Breaking up with the more prominent partner in a showbiz double act is a hazardous business. Larry David did it. So did Andrew Ridgeley. Now this witty and heartbreakingly sad chamber piece from screenwriter Robert Kaplow and director Richard Linklater tells the all but unbearable story of Broadway lyricist Lorenz Hart just after his split from Richard Rodgers. He is played with campy brilliance, an unspeakable combover and fake smallness by Ethan Hawke, who is often digitally reduced in size – but is also occasionally filmed standing in an off-camera hole to look up poignantly at taller characters, facing Hart’s vertical challenge as José Ferrer once played the diminutive Toulouse-Lautrec.

Hawke gets big, world-weary laughs with Hart’s riffs on the hidden gayness of the movie Casablanca and the cheesily upbeat musical he’s just been to see, with all the lasso-twirling cowboys; he acidly calls it Okla-homo. The sexual identity of Hart is complex: this film effectively triangulates his gayness with the straight persona invented for him in the 1948 musical Words and Music (with Mickey Rooney playing Hart); it cleverly extrapolates a kind of bisexuality from Hart’s letters to his protege: young Yale student and would-be stage designer Elizabeth Weiland, played here with heedless girlishness by Margaret Qualley.

As part of the legendary Broadway songwriting team with composer Rodgers, Hart was responsible for matchless numbers like The Lady Is a Tramp, Manhattan, My Funny Valentine and of course Blue Moon. But exasperated with Hart’s alcoholism, unreliability and depressive outbursts, Rodgers broke with him and partnered with Oscar Hammerstein II to write Oklahoma! and then a raft of stage and screen smashes. The movie imagines the deeply depressed Hart in Oklahoma!’s first-night New York audience in 1943, looking on with envious despair as the show proceeds, despising its bland sentimentality, hating the exclamation mark at the end of the title, but heartsinkingly aware of how lethally effective it is. He knows a hit when he sees one – and feels himself descending into failure.

Even before the interval, Hart miserably ducks out and heads to the bar at Sardi’s where the rest of the film takes place, and waits for the (inevitably) triumphant Oklahoma! company to show up for their after-party. He knows it is his showbiz duty to congratulate Rodgers, to pretend everything is all right. With suave restraint, Andrew Scott plays Rodgers, clearly embarrassed at what they both know is Hart’s humiliation; he offers a sop to his pride in the form of a short-term gig writing new numbers for their existing show A Connecticut Yankee, which only makes it worse.

Bobby Cannavale plays the barman who in traditional style listens sympathetically to Hart’s arias of vinegary despair; Patrick Kennedy plays EB White, to whom Hart accidentally gives the idea for his children’s book Stuart Little; and Qualley plays Weiland, the unattainably beautiful Yale student with whom the film imagines Hart to be complicatedly and self-harmingly in love.

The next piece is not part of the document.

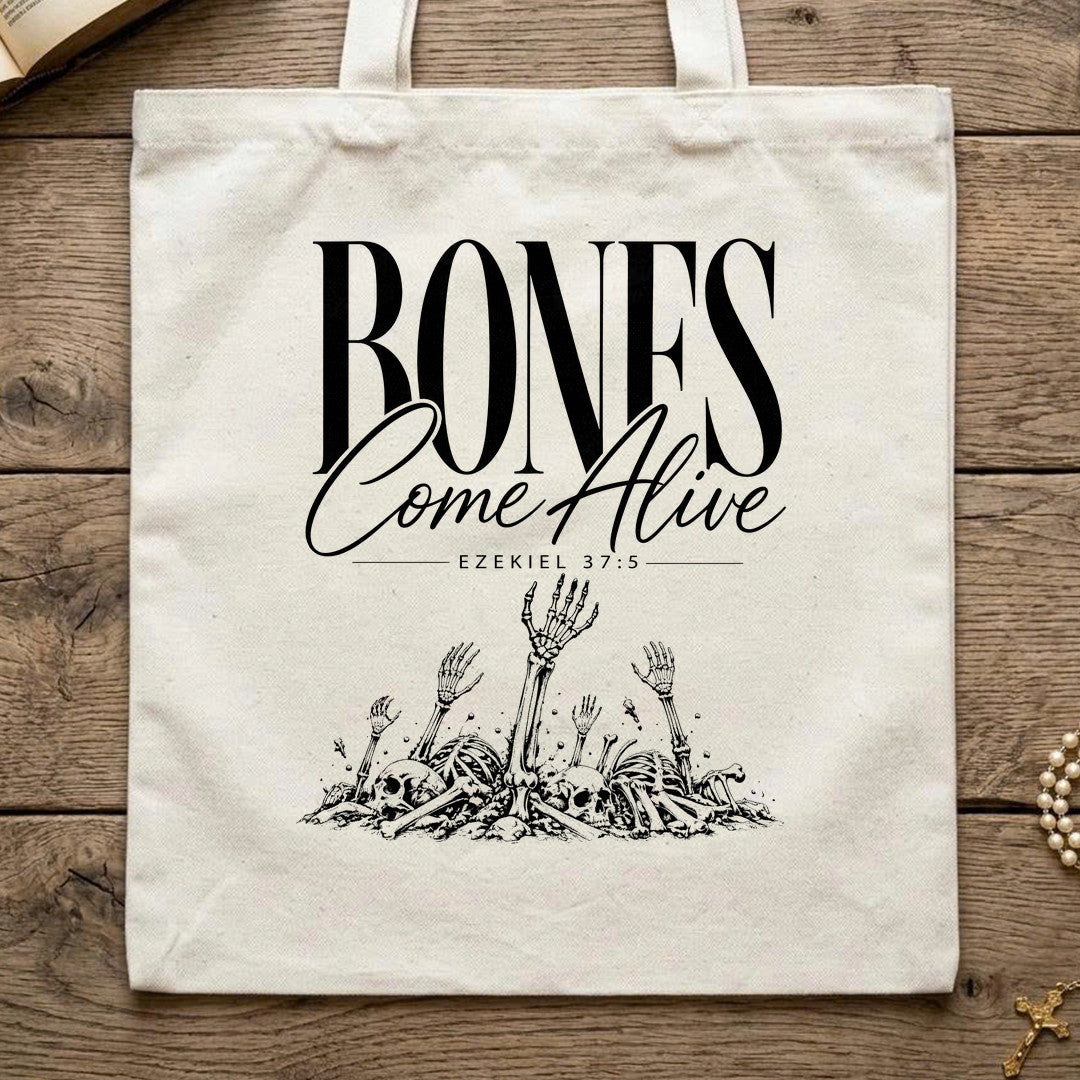 Bones Come Alive Ezekiel 37.5 01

Hart has already been jilted by Rodgers. Surely the universe can’t be so cruel as to get him jilted by Weiland as well? But Qualley ruthlessly portrays a young woman who wants Hart to be the giggly, sexually unthreatening intimate to whom she can confide her adventures with boys – as well of course the Broadway power broker who can further her career.

Hawke shows that Hart partly takes voyeuristic pleasure in hearing about these boys but he is also genuinely, tragically besotted with Weiland and the movie tells us about something rarely touched on in films about the world of musical theatre or the movies: the terrible overlap between professional and romantic failure. Yet at some level, Hart is defiantly aware that what he has achieved will survive. It’s a terrific performance from Hawke. This could be a stage musical – but who will write the songs?

Blue Moon screened at the London film festival; it is out on 17 October in the US, 14 November in the UK and on 29 January in Australia.